Sunday, January 31, 2010

Goodbye Cruel World

photo: Jim Baldassare

Poor unemployed Semyon (Paco Tolson) has never been so popular as when he decides to shoot himself. Suddenly several strata of Russian society are beating down his door to lay claim as the inspiration for his upcoming suicide. That's about the gist of this slice of dark (often existential) humor adapted from Nikolai Erdman's The Suicide by director Robert Ross Parker. The original play had enough political criticism to get its playwright banished to Siberia during Stalin's reign and you can certainly still see why, but as presented here the tone is more zany than heavy - one can greatly enjoy the production either for the intelligent sting of its text, for the contagious joy with which this distinct brand of comedy is put over by a game cast of 6, or (preferably) for both at the same time. Cast standout: William Jackson Harper, an actor I've admired in several dramas who here displays dead-on comic timing.

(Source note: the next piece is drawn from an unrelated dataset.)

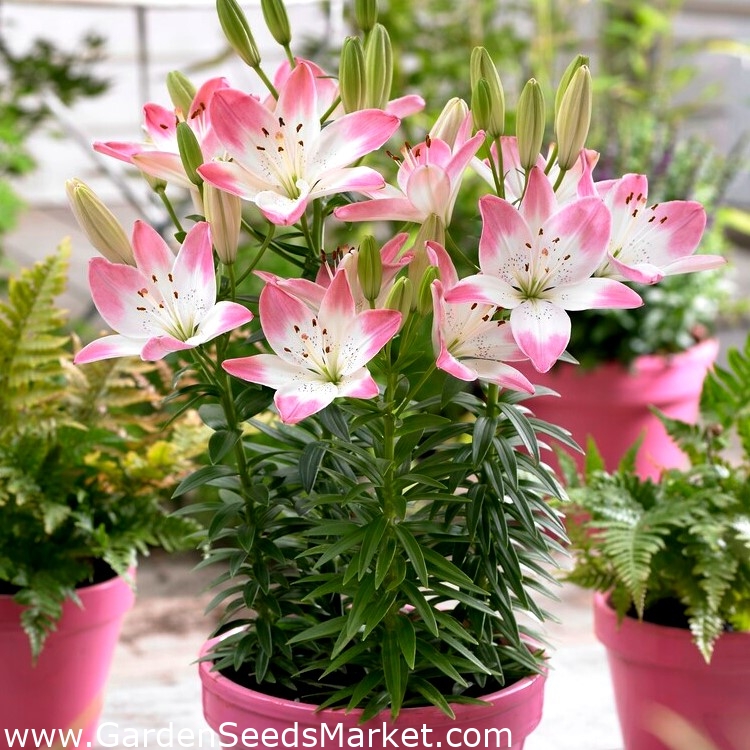 Asiatisk lilje - Sukkerkjærlighet - – Garden Seeds Market | Gratis frakt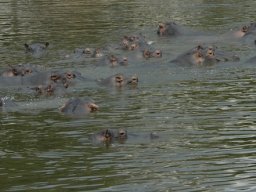 Western_Corridor_(Kirawira)2003-075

Saturday, January 30, 2010

Present Laughter

photo: T. Charles Erickson

In The Roundabout's ill-judged revival you see plenty of what you never should in Noel Coward: sweat and effort. As the vainglorious stage actor at the center of the comedy, Victor Garber looks every inch the distinguished part from opera slippers to plush smoking jacket but he surprisingly seems to lack the larger-than-life size that's needed to drive the show. To compensate he pushes hard, often with fatal flop-sweat results. The production doesn't do him many favors, thanks to direction that doesn't find the needed rhythm and a supporting cast that misses the mark. Brooks Ashmanskas, usually a dependably spot-on performer, gives a hyperactive performance that people are talking about for the wrong reasons: he's so far out of the style of the piece that the laughs he mugs for work actively against the play. I watched most of his performance through two fingers. A couple of solid performances, from Harriet Harris (delicious as the actor's cynical secretary) and Lisa Banes (exactly in the style of the piece as the wise, sharp-witted ex-wife) are the evening's mitigating pleasures.

Time Stands Still


photo: Joan Marcus

In Time Stands Still, an expertly crafted drama of issues by Donald Margulies, Laura Linney gives the kind of performance about which theatre lovers dream: slow-boiling, committed, and exactingly realized. She is Sarah, a passionate photojournalist whose last assignment (covering the war) left her maimed but still invigorated. This dismays her longtime lover James (Brian d'Arcy James, excellent), a writer who is ready to get out of the combat zone and settle down in Brooklyn. Margulies wisely allows this conflict to play out leisurely through the first act, with the characters able to put all their feelings on the proverbial table. It makes for arresting theatre, and Linney and James more than convince as a couple whose love for each other might not be as strong as their professional drive. Their experience is mirrored in the play's second couple: Richard (Eric Bogosian, terrific in his long-awaited Broadway debut), Sarah's editor and former lover; and Mandy (a phenomenal Alicia Silverstone), his somewhat mindless young wife. Despite Sarah's manufactured contempt for them, you cannot help but notice James longing for a relationship like theirs. This well-crafted realization, along with many other factors, make this the first must-see new play of 2010.